CHAPTER 9

FROM SILK TO OLIVE DRAB

At the Whitehall Street center near the lower tip of Manhattan, draftees and recruits were asked to strip down to their drawers. Walking up and down halls with nothing on but your shorts was nothing new for Sugar. But he was eventually asked to pull them all the way down for a full inspection. Even more disconcerting than the invasion of his privacy was the call to attention by his original name. “Walker Smith,” a drill sergeant barked, and Sugar fell into the ranks with the other raw troops, then boarded an olive-drab bus that was bound for the Holland Tunnel and on to Fort Dix, New Jersey.

Fort Dix was a sprawling place where the numerous barracks blended with the greenish uniforms. From this location, a soldier was usually deployed to Europe, if overseas orders were cut. Between each row of plain buildings were exercise grounds that Sugar would become well acquainted with in due time. Making reveille was never a problem for a boxer used to getting up at the crack of dawn. Nor was he that unnerved by the early morning calisthenics.

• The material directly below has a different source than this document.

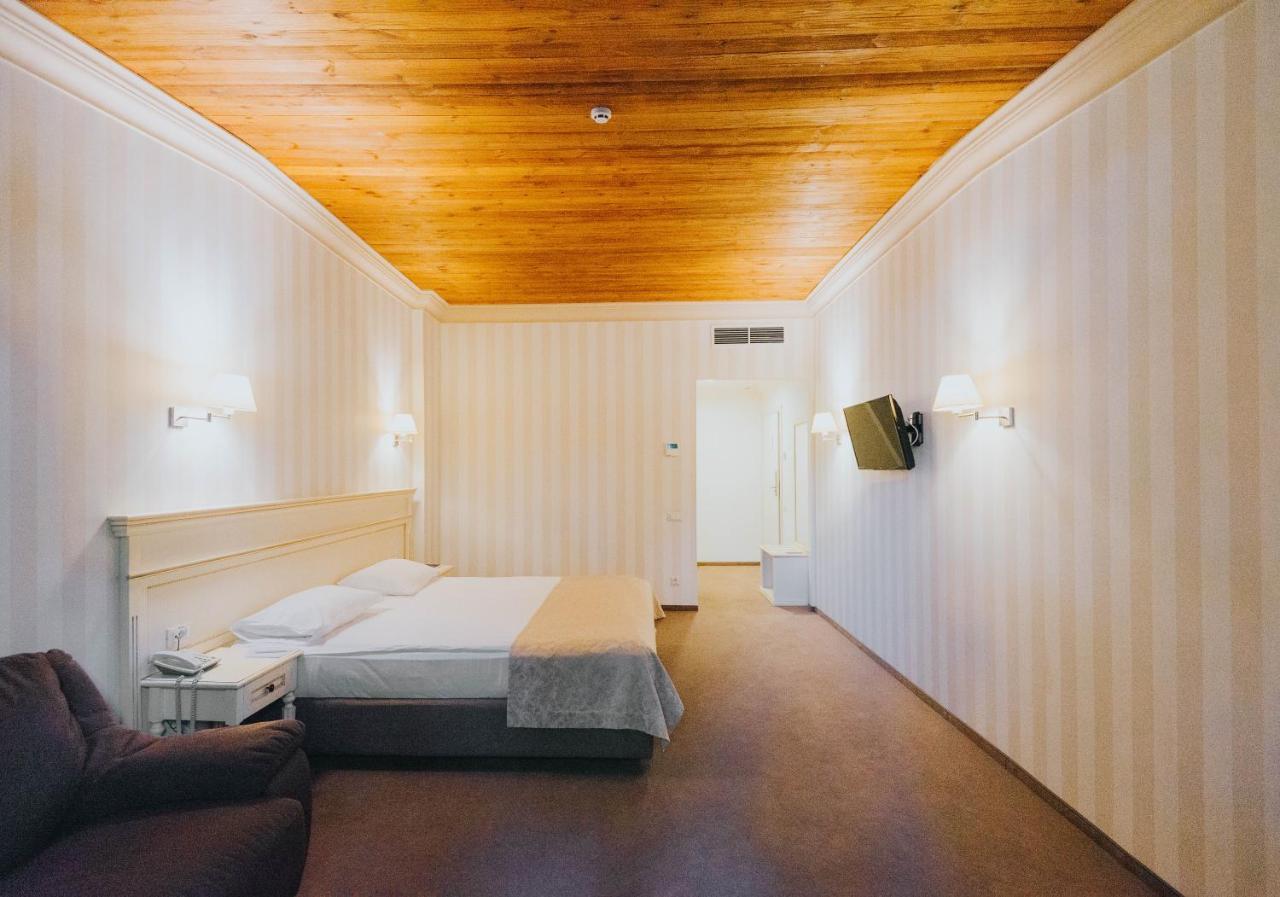 Premier Geneva Hotel オデッサ エクステリア 写真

He thought of Greenwood Lake and trotting through clumps of pine trees, sometimes trailing Joe Louis, sometimes leading the way. Sugar discovered immediately that he was in far better physical shape than his fellow soldiers. They would be exhausted after a quarter mile of jogging, while he was breezing along way out front, still breathing comfortably through his mouth. Excelling at basic training, however, didn’t mask the ceaseless boredom of the camp. What was missing were his trainer Gainford, his cornermen Soldier Jones and Harry Wiley, and the sparring partners who kept the training camp abuzz with chatter and laughter.

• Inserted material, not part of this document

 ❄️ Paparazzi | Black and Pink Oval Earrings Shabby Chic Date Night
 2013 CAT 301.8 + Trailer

After basic training, Sugar’s orders were cut and he was assigned to the Army Air Corps at Mitchell Field in Hempstead, Long Island, about fifteen miles east of New York City, closer than Fort Dix, close enough for him to make quick trips to the city to see his beloved Edna Mae. When Edna Mae agreed to go to Chicago to dance at the Rhumboogie, a nightclub owned by Joe Louis, Sugar was plenty salty. Louis had bought the club, located on Garfield Boulevard, for forty thousand dollars and put Leonard Reed, a comedian and later his stage partner, in charge. Edna Mae, who had given up dancing at Sugar’s request, missed performing and didn’t think Sugar would mind since she was doing it as a favor to his friend. Plus, Sugar was off completing his basic training, and she was getting bored sitting around waiting for him to get a leave. This was an opportunity to jump-start her career, she thought, and might lead to her landing a dancing role in a Hollywood film. She was banking on Louis’s contacts with film moguls and wealthy producers, since he had made a movie in Hollywood.

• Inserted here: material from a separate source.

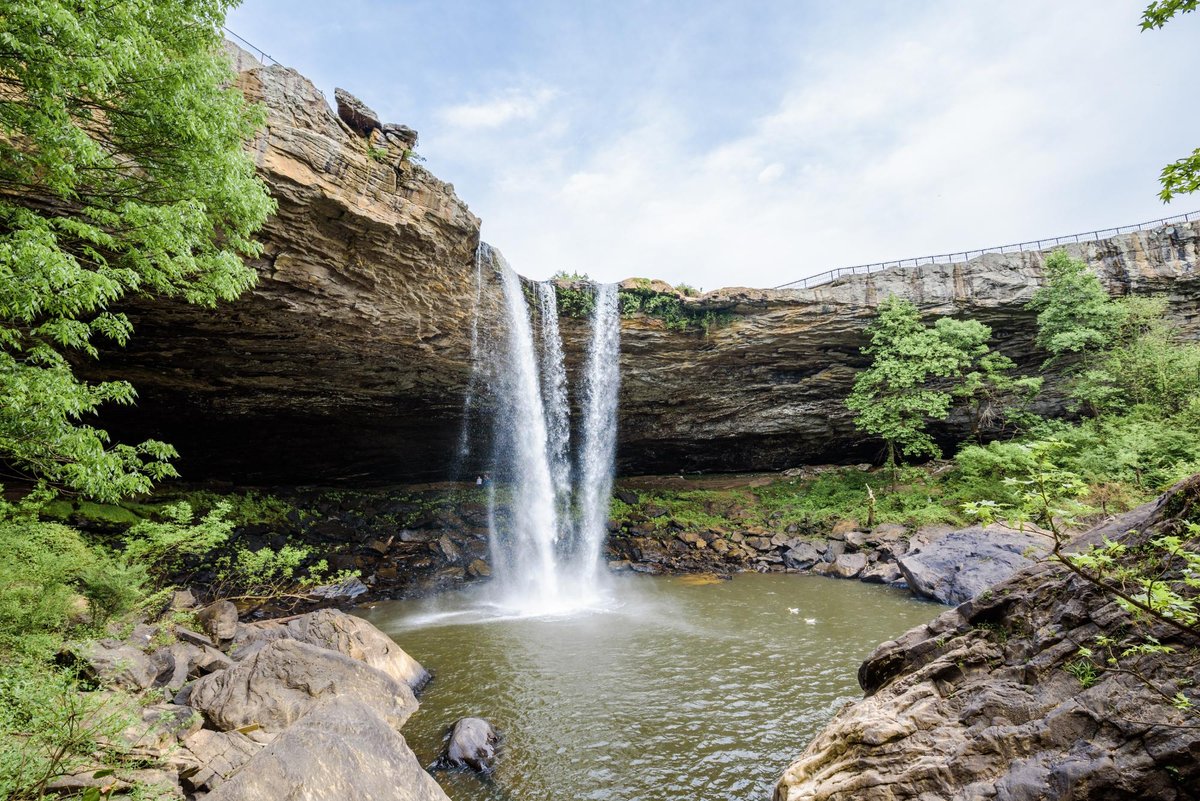 Escape to Nature's Majesty: Your Guide to Noccalula Falls Campground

Sugar was furious. Some of his fury may have been the result of discovering that Edna Mae might have been one of Louis’s many lovers, a roster of beauties that included the actress and dancer Acquanetta, vocalists Damita Jo and Lena Horne, and a bevy of blondes. A brief romance between Edna Mae and Louis was often rumored, but never confirmed. Neither Sugar nor Edna Mae ever mentioned it, nor did she address another persistent rumor of an earlier marriage to Willie Bryant, disc jockey and bandleader.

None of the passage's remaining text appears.